Id had a couple of trips to the New Forest but my first big trip was to Scotland for 12 days. The aim was to end up on Skye but apart from that, I didn’t have a plan.
Me and Bertha did some serious bonding. I found her limits on hills, she tested my limits on finding suitable places to park up. I only came close to scraping her once, a very narrow swing bridge over the Crinan Canal, she survived unscathed more by luck than judgement.
The first afternoon on Skye was the toughest, she almost didn’t make it up a couple of hills and after she had, I rewarded her with a long rest to cool down and treated myself to a creme egg which I’d been keeping for Easter.
The rest of the week was brilliant, I found a mixture of campsites and wild spots to sleep in. Campsites were the easy option but wild spots were the ones which made having a van worthwhile. I stayed in a waterside carpark of an eco campsite where the owner invited me into her wooden hut house, a clearing on a waters edge seeing the pinkest sunset I’ve ever seen and Staffin harbour where just as I was taking a photo of the grey sky, 5 porpoises came swimming and leaping past.

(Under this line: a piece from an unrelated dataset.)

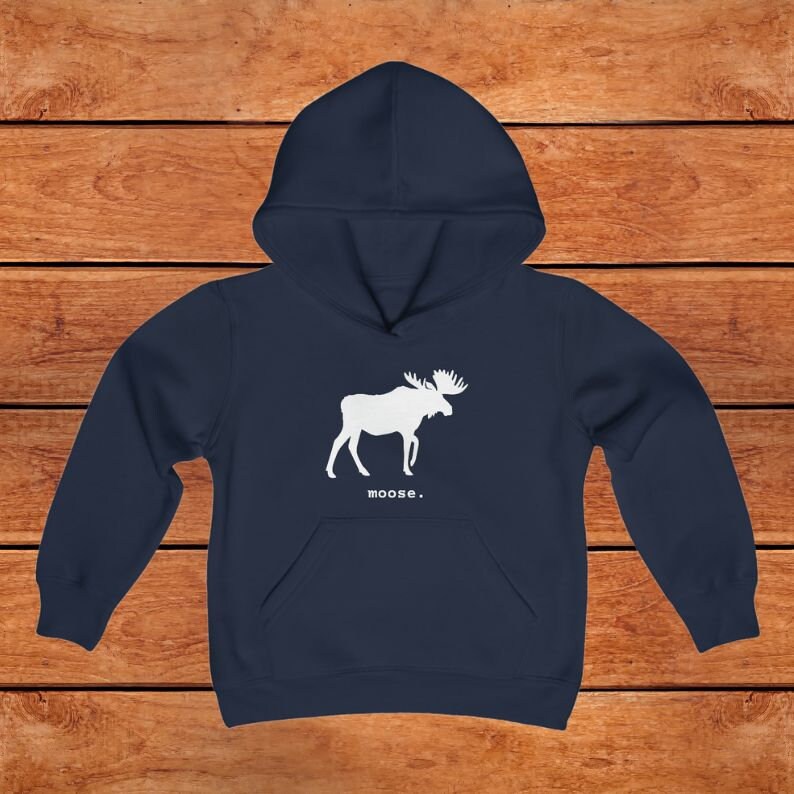 This youth hoodie features a white graphic of a moose with antlers facing to the right. The word moose is in lower case white font below the graphic, followed by a period.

Skye was beautiful, probably the most remote place I’ve been to, walking for miles and miles and not seeing another soul is both magical and slightly scary. Temperature wise it wasn’t too bad, I didn’t need any heating on and was lucky not to be caught out in any rain all week.
I took a couple of days getting to Glasgow, scaring myself on beautiful hilly roads and even feeling brave enough to go on the Nevis range cable car to play in the snow. Getting to Fort William it felt strange to be back in a busy place, the town is now starting to feel like an old familiar friend. The night to the south of there was the coldest of the trip and it was the only night I really could have done with a heater on, but at -7 I think its OK to feel a bit chilly, it would have been a lot colder in a tent.